Actually, you hit the nail on the head. You DO need to input time, that way the scope knows the sidereal time (ie, the RA value of the sky due south), and can figure it out from there. Many scopes now have GPS built in, so they can figure out both location AND time by themselves.
Ed Hitchcock Oh, I see. Thanks! I appreciate it. Would I be correct in saying that the GPS is mostly for tracking celestial bodies within our solar system? (Seeing as the stars are in fixed points and only rely on the value of time, whereas the planets and other celestial bodies are moving in their orbits and change location depending on when and where you view them?)
knight654654 The GPS just tells the scope's computer your physical location on earth, and the time. The computer then uses that information to figure out where everything is. It has the coordinates of thousands of stars and objects, and the orbital data for the moon, planets and asteroids etc, from which it can calculate the precise position at any given time.

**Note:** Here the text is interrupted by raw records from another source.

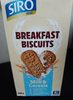 Breakfast biscuits - Prodotto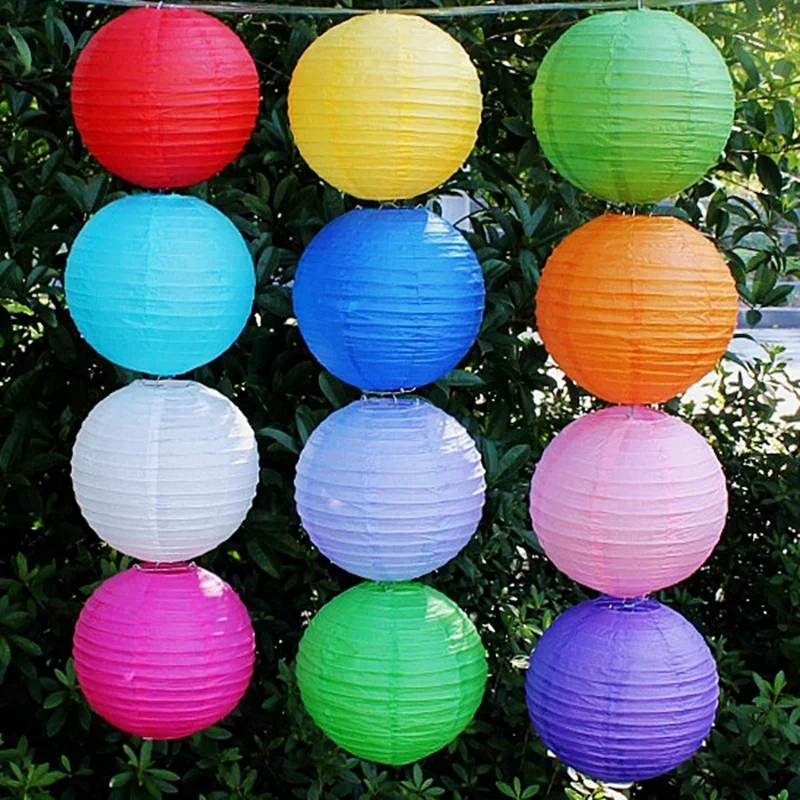 Multicolor Chinese Paper Lante - огляд і ціна Japanese Lantern Paper
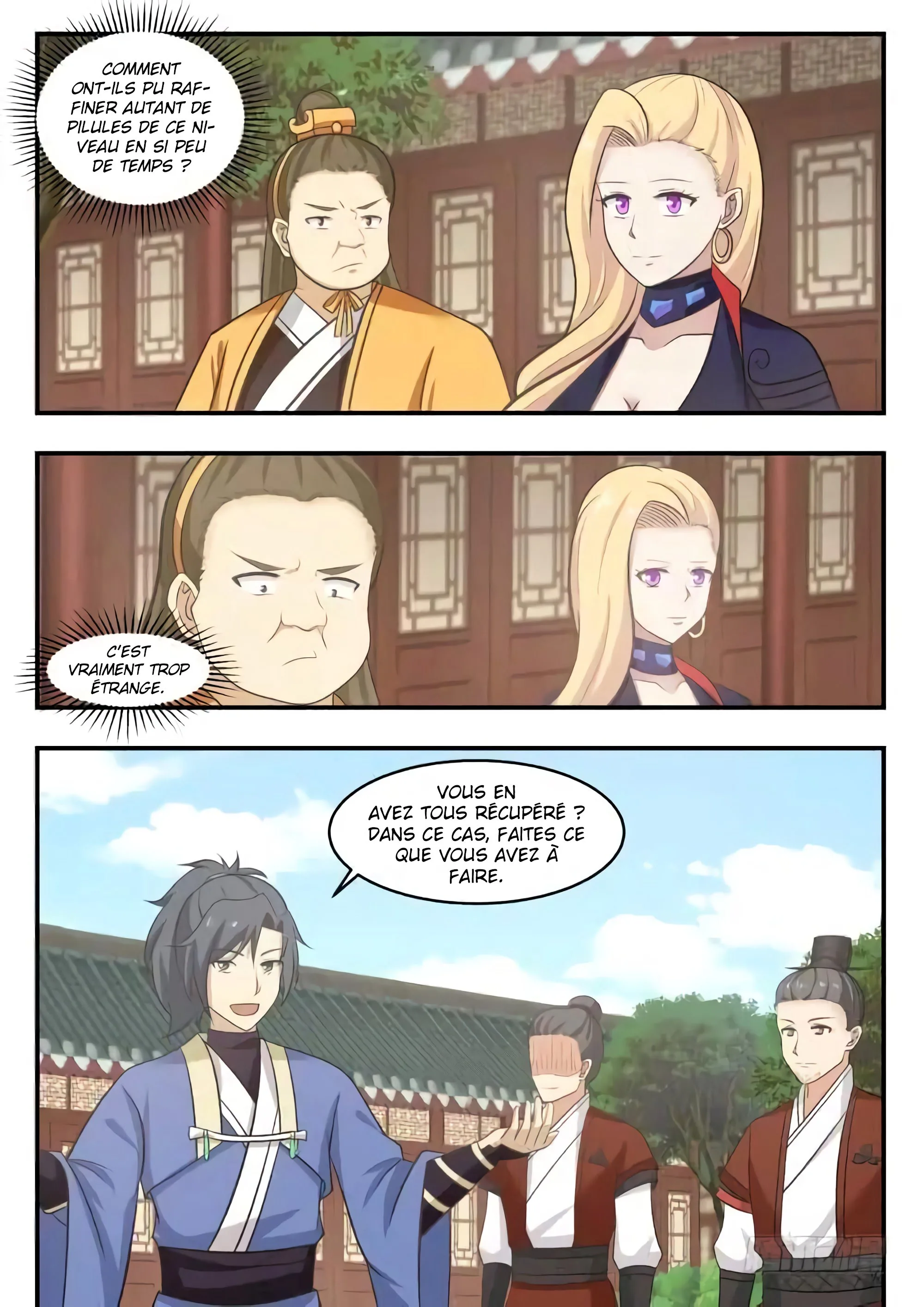 Read Martial Peak FR Manga Online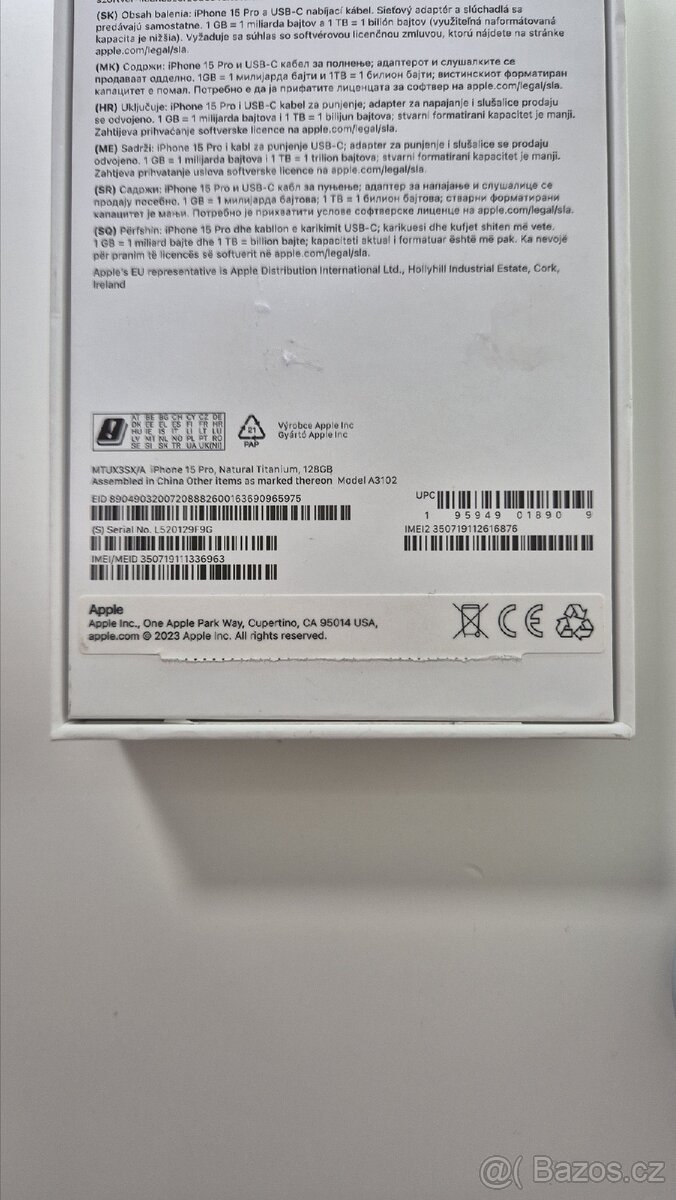 IPhone 15 Pro 128GB - 9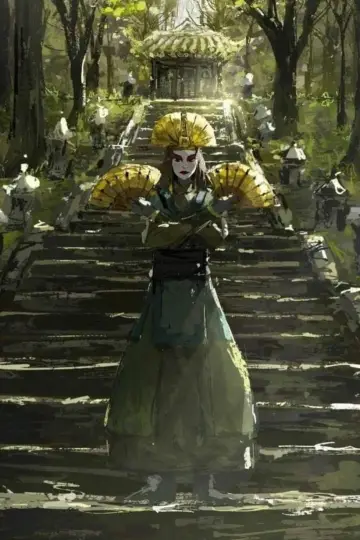 Poster for the TV series "Avatar: The Last Airbender" #1686987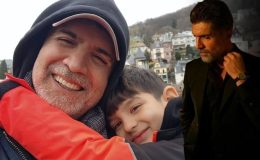 Kuzey 9 yaşında! Özcan Deniz'den oğluna duygusal sözler: Gamzene kurban olurum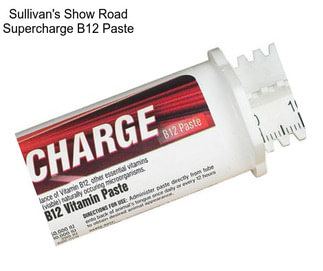 Sullivan\'s Show Road Supercharge B12 Paste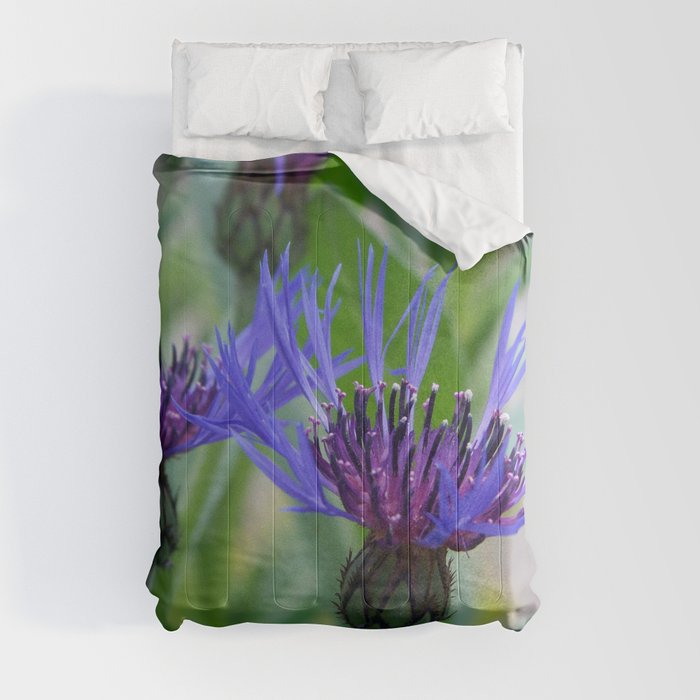 Delicate Flower Comforter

Ed Hitchcock Oh :D... I just saw Venus, Mars and Uranus c: Thanks btw.
knight654654 Nice. Jupiter is in the eastern sky - have a look at the king of planets :-)
Which software is that ?
Stellarium. It's free.
I dont understand right ascension completely. When talking about declination you said that 90 degrees is at the celestial north pole and -90 degrees is at the celestial south pole. But what is the point where right ascension is 0 hours and 24 hours? Like on the earth longitude is 0 in greenwitch observatory and goes to +180 degrees to the east and -180 degrees to the west. What about right ascension?
Since the Earth keeps rotating, right ascension is like a clock. Just as the day starts at 0:00 (midnight) and goes to 23:59 before clicking back to 0:00, RA starts at 0:00 (in Pisces) all the way around to 23:59, and then back to 0:00.
Ed Hitchcock I see. Thanks, that helped. And the video was very informative.